Digital Light Processing (DLP) technology. Image credit: 3DPrintingIndustry.com.
Powder bed fusion
Powder bed fusion is a very powerful industrial technique requiring a controlled printing environment.
Powder, made out of plastics or various types of metals and alloys, is the building material. Laser (Laser Sintering (LS) or Laser Melting (LM)) or electron beams (Electron Beam Melting (EBM)) are used to heat the construction material, which fuses and solidified to constitute a layer.
Similar to other 3D printing techniques, the heating device is held by a tray driven by motors. When a layer is built, the tray underneath the object being manufacturing lowers, sinking into the powder pool. The fabrication of the next layer of the object begins, fused to the previous layer by heat. The precision of the result then depends mostly on the precision of the heating device.

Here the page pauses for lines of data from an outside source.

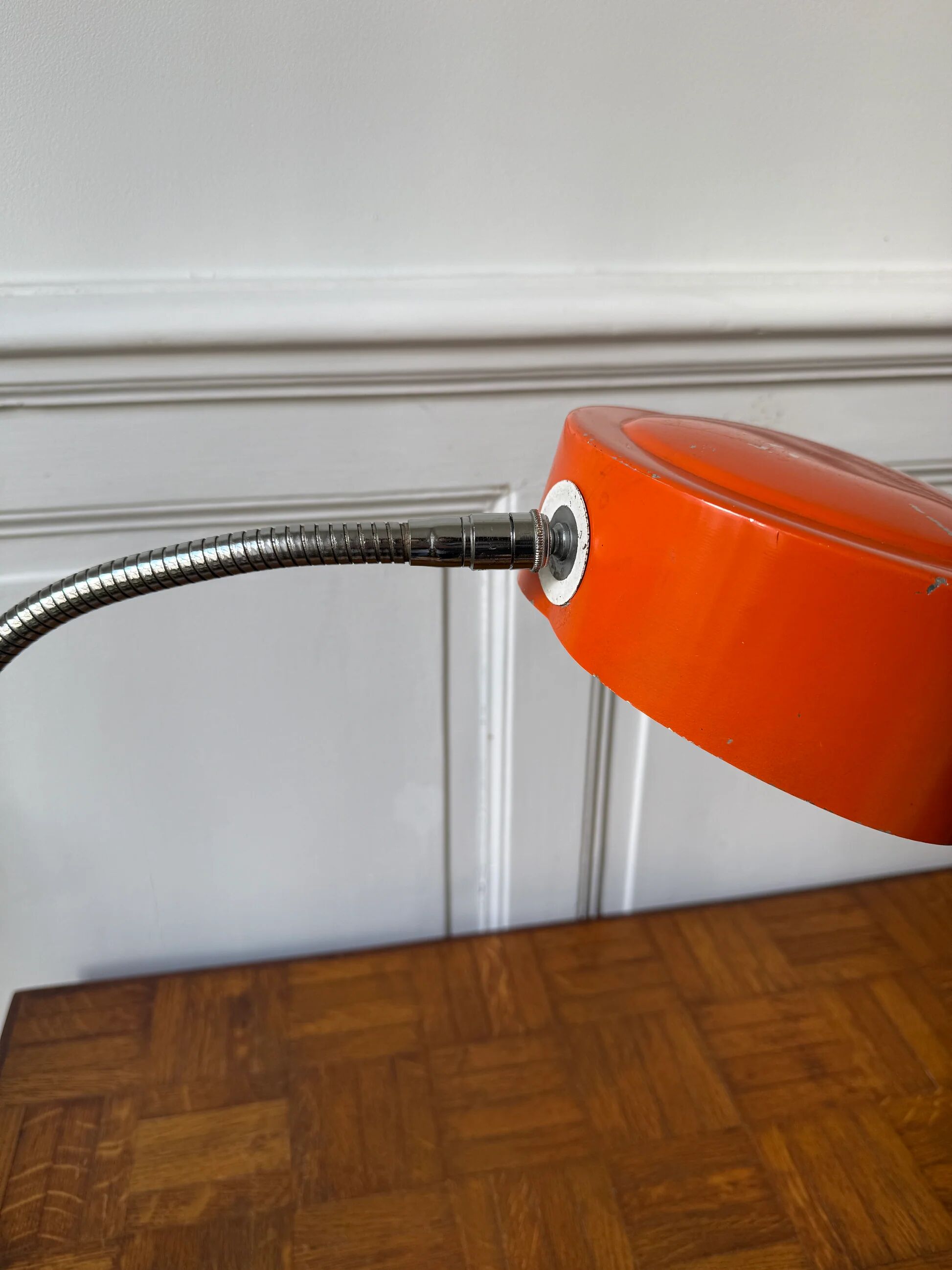 Orange workshop lamp with a clamp – 1970s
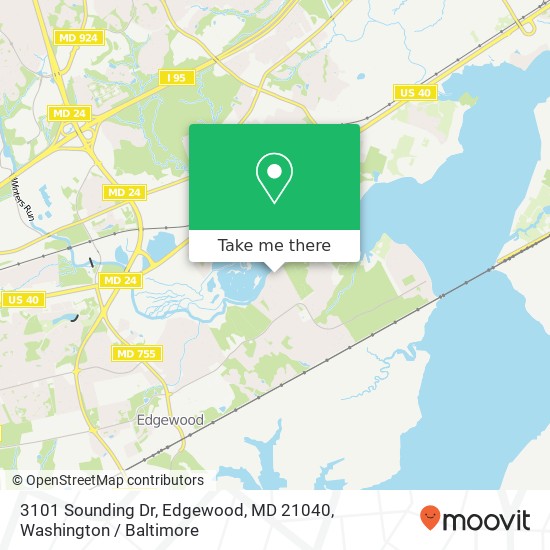 3101 Sounding Dr, Edgewood, MD 21040 map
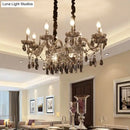 GobekUsa 8-Light Island Pendant - Traditional Candelabra Style - Smoke Gray Crystal Suspension Lighting with Glass Lamp Saucer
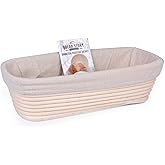 Bread Story Oval Banneton Bread Proofing Basket – 12x5.5" Oval Sourdough Proofing Basket with Cloth Liner – Handmade Natural Cane Brotform Bowl for Rising, Baking & Artisan Loaves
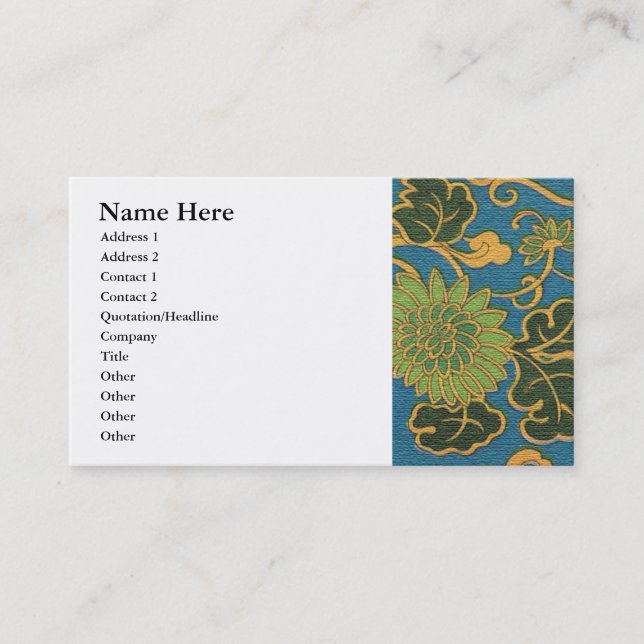 Carte De Visite Tissu bleu floral asiatique (Devant)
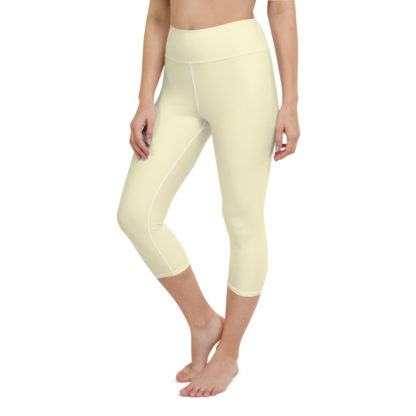 SOLO ljust vaniljgula caprileggings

The powder bed fusion 3D printing technology is also known as: Laser Sintering (LS), Laser Melting (LM), Electron Beam Melting (EBM), Selective Heat Sintering (SHS), Selective Laser Sintering (SLS), Direct Metal Laser Sintering (DMLS), Selective Laser Melting (SLM) or Plaster-based 3D Printing (PP).
The main difference between these advanced manufacturing technologies are at which point the materials are melted. EBM, EBAM and SLM entirely melt the material while SLS and LS rather fuse it together.
Selective Laser Sintering (SLS) 3D printing technology. Image credit: sculpteo.com.
3D bioprinting is the process of generating spatially-controlled cell patterns using 3D printing technologies, where cell function and viability are preserved within the printed construct. With this technique it is possible to manufacture living tissue.
3D bioprinting technology infographic. Image credit: Broadsheet.ie.
The first 3D tissue printer is called “Regenovo“ and was designed by researchers from Hangzhou Dianzi University in China. This printer have already been used it to successfully print multiple tissue samples, including liver units and human ear cartilage.
The fabrication of a 3D functional tissue made of several cell types is a 3 steps process:
- Cells are sorted, multiplied and differentiated. They make what is called a bioInk.
- Cells or cell aggregates are embedded in 3D to enable subsequent hierarchical tissue building.
- The obtained 3D structures are matured in a perfusion reactor to create a vasculature system. This is called the maturation phase.
- The 3D printed tissue can be used in medical research.
3D printing of cell aggregates thus allows bio engineers to assemble complex tissues. Proof-of-principles include pieces of both blood vessels and liver tissues.